Consider the situation shown in figure below. The width of each plate is $b=3\text{m}$. The capacitor plates are rigidly clamped in the laboratory and connected to a battery of emf $E=1000\text{V}$. All surfaces are frictionless.
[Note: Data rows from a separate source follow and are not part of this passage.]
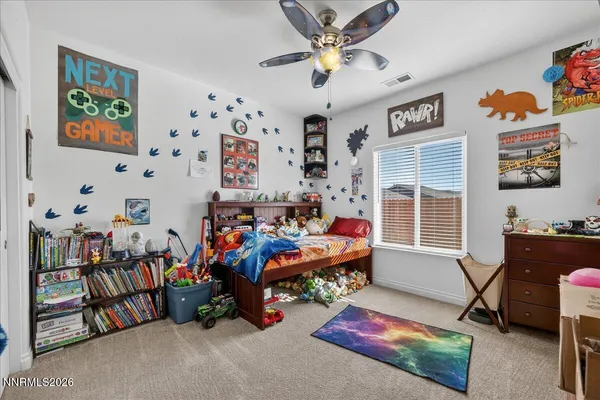 a room with furniture toys and a window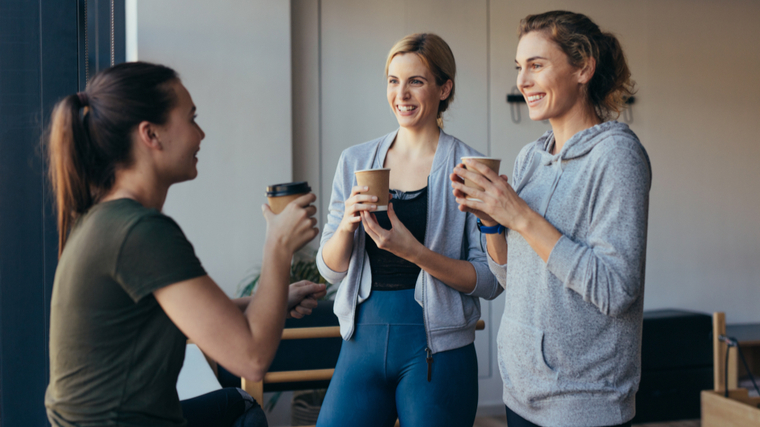 women drinking coffee in yoga studio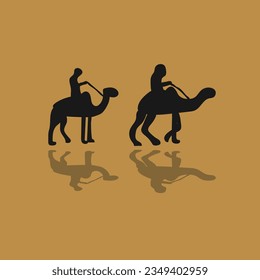 silhouette of a camel walking in the desert with a rider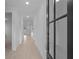 Bright hallway with gleaming floors and white walls, leading to various rooms at 2040 Ripple Park Bnd, Canton, GA 30114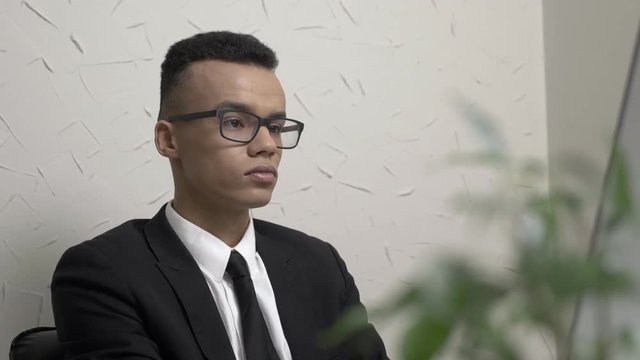 Young successful businessman in glasses works on the computer in the office, smiles and looks at the camera 60 fps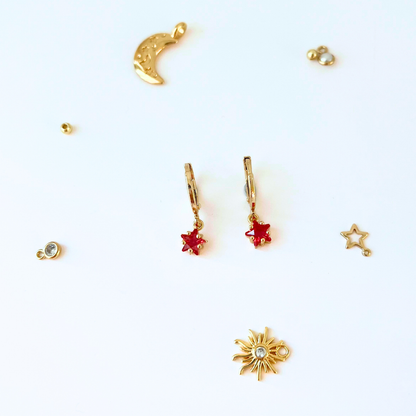 Gold and red jewelry charms on a white background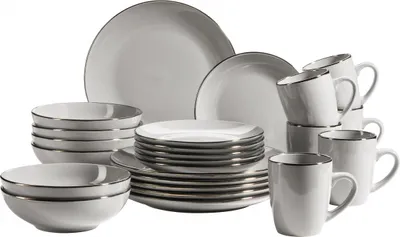 A set of white ceramic dishes with a metallic rim, including plates, bowls, and mugs, arranged on a white background.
Calculate the value of $M$ (in $\text{kg}$) for which the dielectric slab will stay in equilibrium.
(Given: $d=1\text{m}$)

• A. $1327.5\times {10}^{-6}$
• B. $2655\times {10}^{-6}$
• C. $2655\times {10}^{-12}$
• D. $1327.5\times {10}^{-12}$

Answer 1

The correct option is A $1327.5\times {10}^{-6}$

We know that,

The electric field attracts the dielectric into the capacitor with a force$$F=\frac{E^{2}b{\epsilon }_0(K-1)}{2d}$$Where,
$b\to$ width of the plates.
$K\to$ Dielectric constant of the material.
$d\to$ Separation between the plates.
$E\to$ EMF.

From the data given in the question, surface is frictionless.

Thus, Force acting on dielectric is balanced by the weight.

So, $\frac{E^{2}b{\epsilon }_0(K-1)}{2d}=Mg$

$\Rightarrow M=\frac{E^{2}b{\epsilon }_0(K-1)}{2dg}$

Substituting the data given in the question we get,

$M=\frac{(1000{)}^2\times 3\times 8.85\times {10}^{-12}\times 1000}{2\times 1\times 10}$

$\Rightarrow M=\frac{{10}^6\times 2655\times {10}^{-12}}{2}$

$\Rightarrow M=1327.5\times {10}^{-6}\text{kg}$

Hence, option (a) is the correct answer.